The flute is one of the most venerable musical instruments we have (the earliest archaeological records have been dated to over 35,000 years ago), and as Claire Chase proved Thursday night at The Kitchen in Chelsea, it retains an energy that ensures it will continue to play a vital role in the future of concert music.

Claire Chase © David Michalek
Claire Chase
© David Michalek

The oldest piece on the program, and the only one from the first half of the 20th century (written in 1936 and revised in 1946), Edgard Varèse’s Density 21.5 for flute alone. So named for the density of platinum (in grams per cubic centimeter), the piece was originally written for the première concert of George Barrere’s platinum flute. Now, nearly 80 years later, “Density” was a fitting name for the solo concert for many reasons, not only for Chase’s truly virtuosic performance of the seminal Density 21.5. The majority of works presented included as many as ten prerecorded flute tracks, played alongside the singular Chase, who sometimes gave the impression that she was in at least three places at once, overlapping condensed ghosts playing impossible harmonies.

While the Varèse was clearly the concert’s focus both historically and thematically, Mario Diaz de Leon’s Luciform and Marcos Balter’s Pessoa (both 2013) nevertheless gave crisp, fresh definition to the modern flute idiom. Luciform, a concerto for flute and electronics written for Claire Chase herself, hit hard with a veneer of Stockhausen, circa Studie I and II. The seats rumbled with sub-bass whose speakers must have been placed under the risers themselves; the shifting and colored lights came within a fog machine and Hollywood celebrity images of an immersive Universal Studios ride. The lighting design by David Michalek shone most brightly here, as the three-by-three arrangement of horizontal fluorescent lights formed a cross, and sharp blue and pink ceiling lights flooded the stage area. Balter’s Pessoa, written for six bass flutes, came off remarkably well, with five other flute parts recorded and played back using the impeccably executed sound design of Levy Lorenzo. In contrast to Leon’s brazenly electronic concerto, Pessoa let Chase draw out veiled and breathy sentiments from the relatively uncommon bass flute. Du Yun’s Gradient Density began the program with atmospheric algorithmic music, the only piece solely for electronics.

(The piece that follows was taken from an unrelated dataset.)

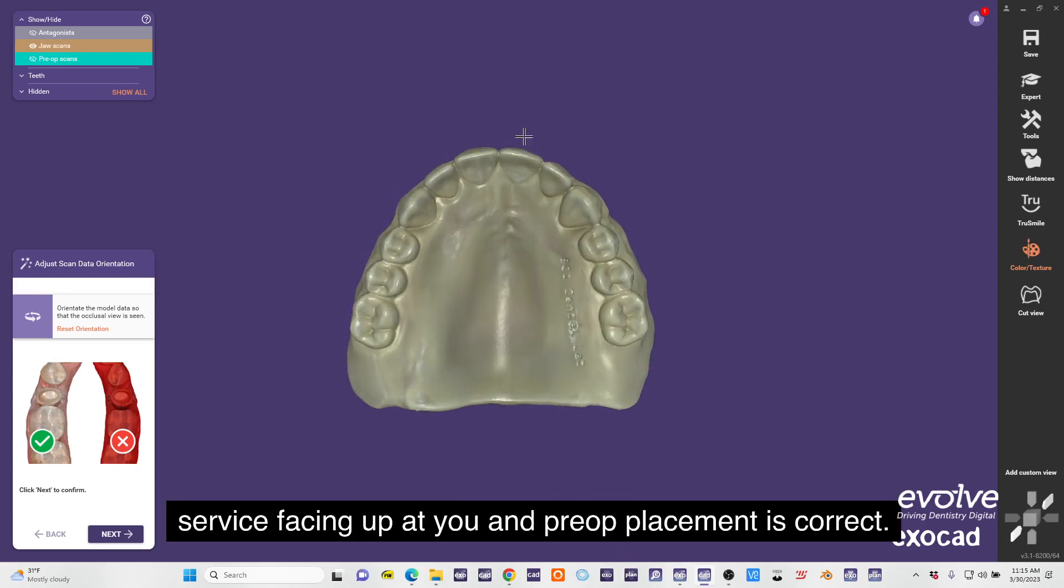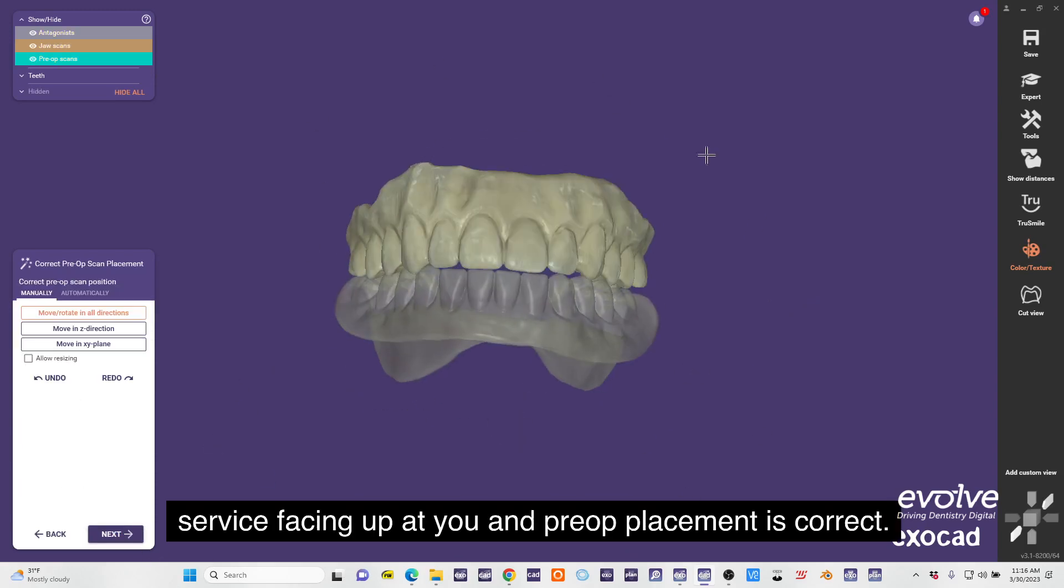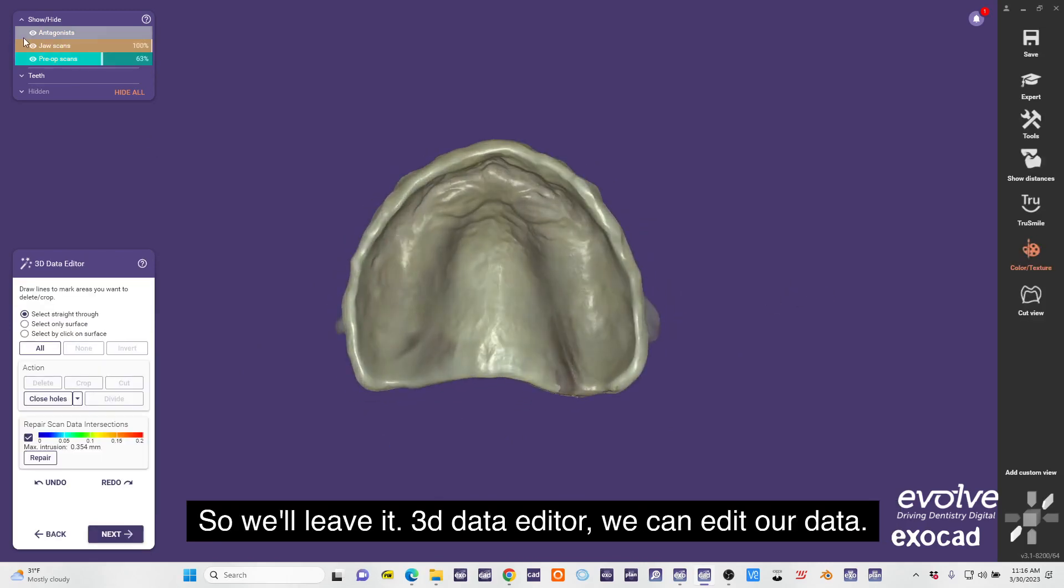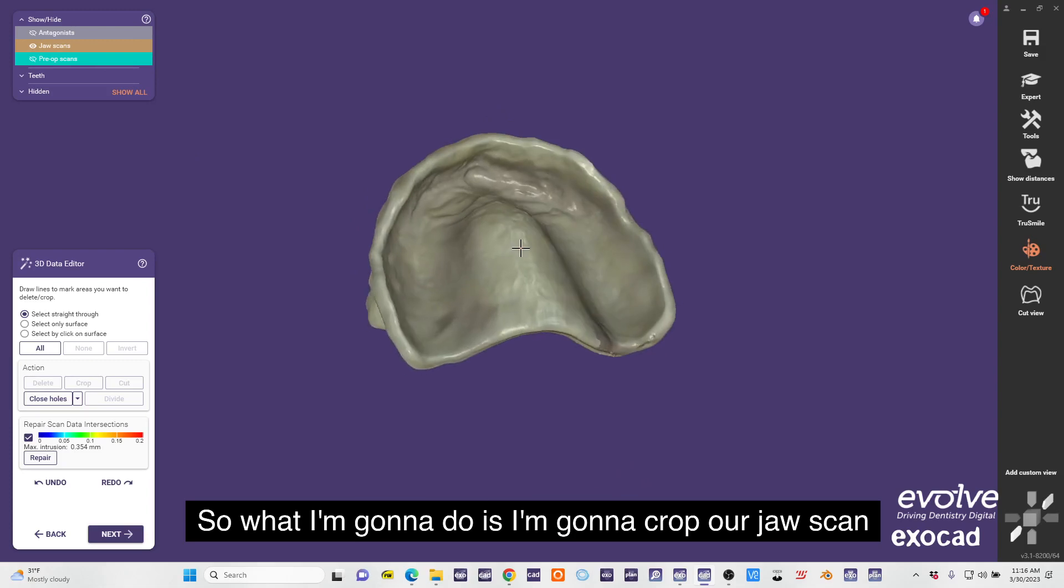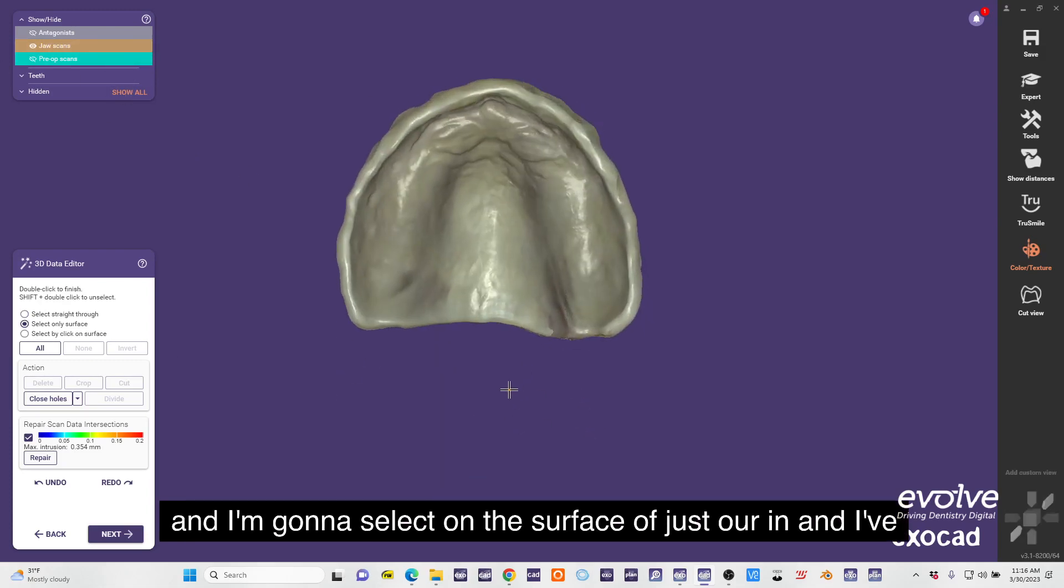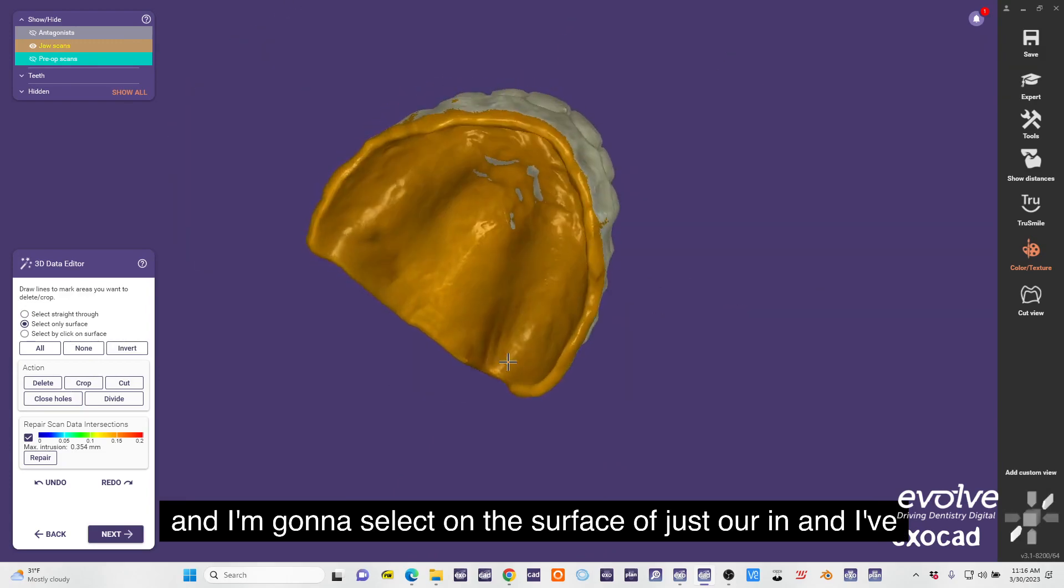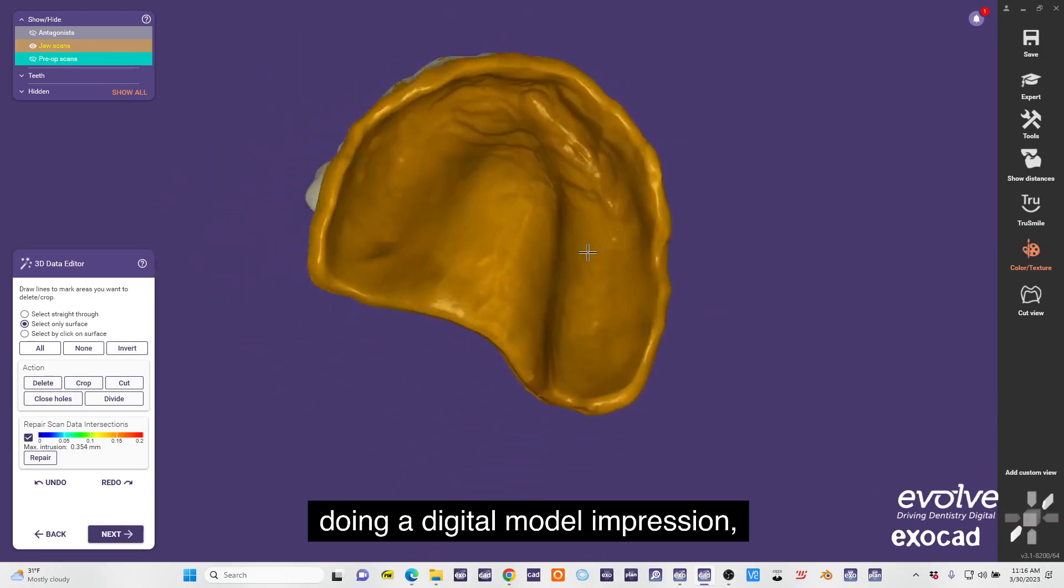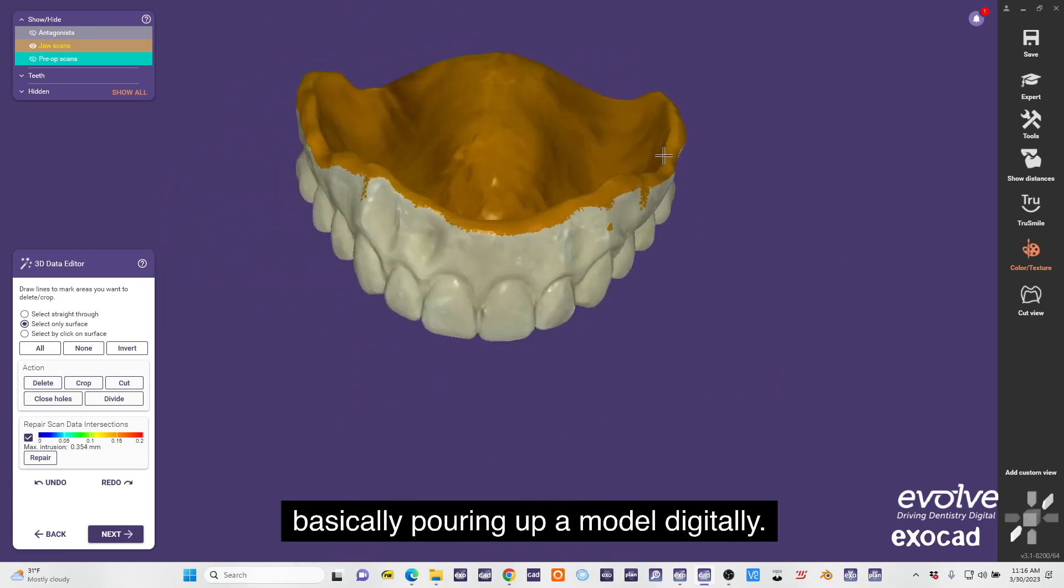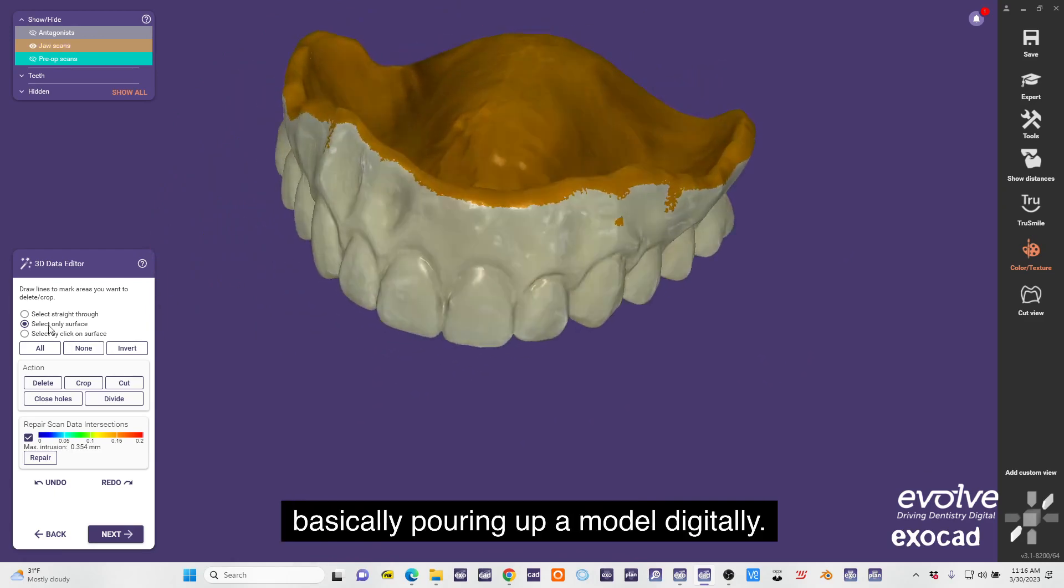Scan data orientation - always have your occlusal surface facing up at you. Pre-op placement is correct so we'll leave it. In 3D data editor we can edit our data. What I'm going to do is I'm going to crop our jaw scan and I'm going to select only surface of just our intaglio. I've only selected just the intaglio surface because I'm doing a digital model impression, basically pouring up a model digitally.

The main stream of the program leading up to Density 21.5, though, flowed through the idea of process music. The Reich and Glass works (1982 and 1967, respectively) are epitomes of this genre, and Alvin Lucier’s Almost New York (2002) carried into the current era the same courage of concept and deliberateness of pacing that characterizes those earlier minimalists. In fact, Claire Chase’s solo performance itself, unbroken by applause or even a moment to catch her breath, underscored the strength of conviction not only of the performer, but of every composer, of the lighting and sound director, even the author of the program notes (abstracted strings of words “in homage to Octavio Paz”).

In light of this thematic continuity, it is worth explaining the concept of Almost New York. Two independent pure sine tones begin the piece, one in a very high register, and one extremely low. Over the course of the piece the tones gradually slide toward each other and eventually switch places. Over this basic voice exchange, the five flutes ranging from piccolo to contrabass match one or the other pitch. Because the tones never stop moving, however, the steady flute tone is almost never exactly “on” pitch, resulting in difference tones between flute and sine wave that are simultaneously bare and elegant.

In what was most likely another nod to the mechanism and flow of process music, Varèse was performed last, and best. After over an hour of grueling performance without a single break from the stage, Claire Chase still managed to give Density 21.5 more energy and virtuosity than any other work that evening. The fluorescent lights behind her flickered low, and the silhouette of one of the best flutists in the world hurled the canonical past into the musical future as deftly as she jogged off stage.